Fired up

Chef Philip “Ippy” Aiona through the years.

From the Big Island to The Food Network, chef Philip “Ippy” Aiona is living out his culinary dream.

Chef Philip “Ippy” Aiona first appeared on the national food scene as the youngest contestant on Food Network Star. Back in 2012, the Big Island native’s winning smile and enthusiasm for Hawai‘i’s cuisine caught the eye of celebrity chef Giada De Laurentiis.

Chef Philip “Ippy” Aiona through the years.

“That was the first thing I ever auditioned for,” he recalls. “I was 23, drinking at my house with my friend, and Bobby Flay comes on TV saying, ‘Do you think you have what it takes to be the next Food Network Star?’ You know how you answer your TV, ‘Yeah, I do!’ And your buddy sitting next to you goes, ‘But do you really, though?’ And you go, ‘Yeah!’ And he goes, ‘OK, let’s send something in then. Let’s do it!’”

When Ippy got the callback and met with De Laurentiis, he put anchovy at the top of his list of favorites — then whipped up an anchovy-based dish on the spot to secure a place on her team.

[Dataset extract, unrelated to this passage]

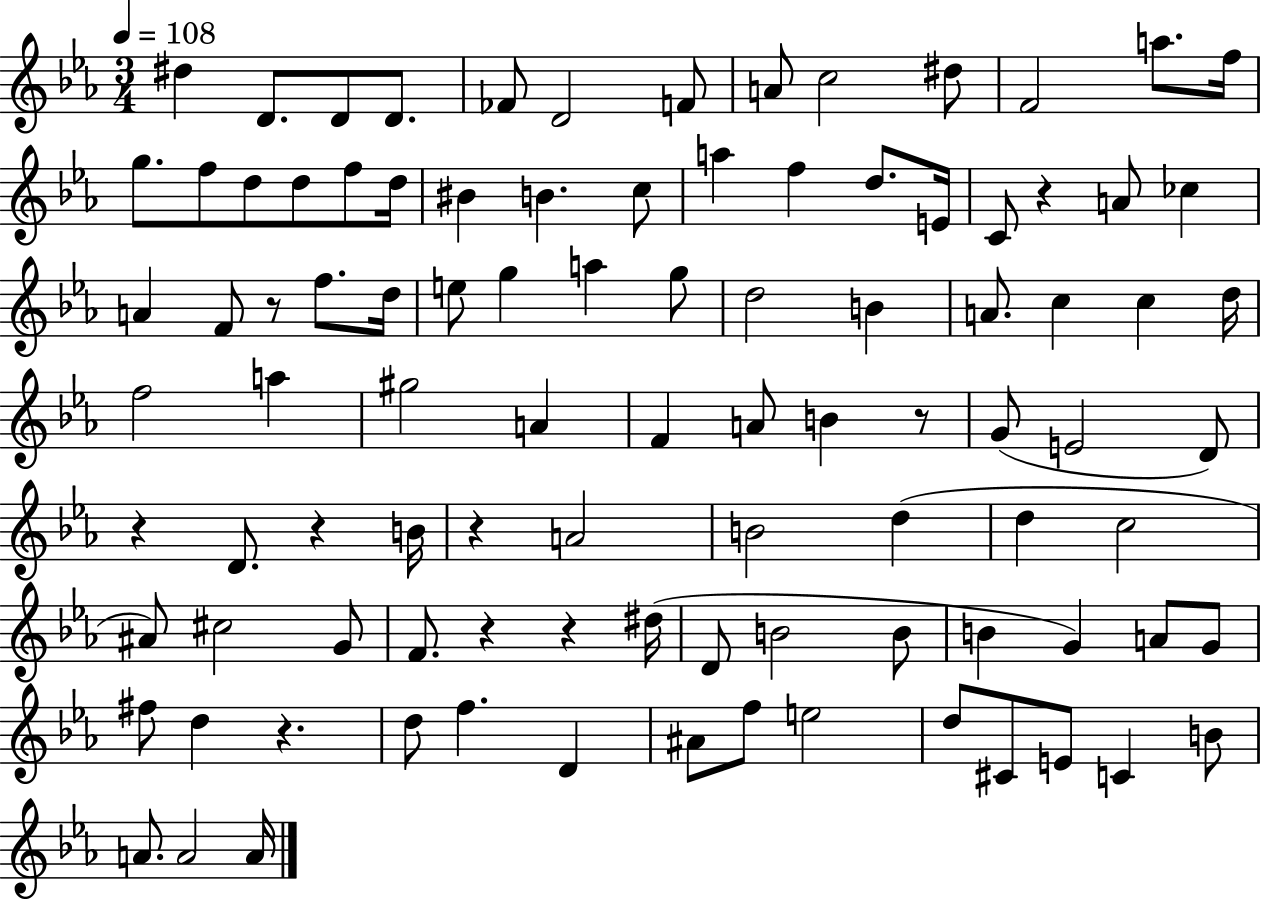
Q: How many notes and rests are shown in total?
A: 97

Chef Philip “Ippy” Aiona through the years.

Their shared heritage may have also helped. De Laurentiis is famous for her Italian cuisine. Ippy’s father is Native Hawaiian/Chinese and owned a Hawaiian plate lunch shop; his mother grew up in an Italian family in New York and ran an Italian restaurant in Waikoloa.

Although he didn’t quite make it to the finale of Food Network Star, Ippy impressed the judges — in the final episode, judge Susie Fogelson confesses to crying when he was on the chopping block.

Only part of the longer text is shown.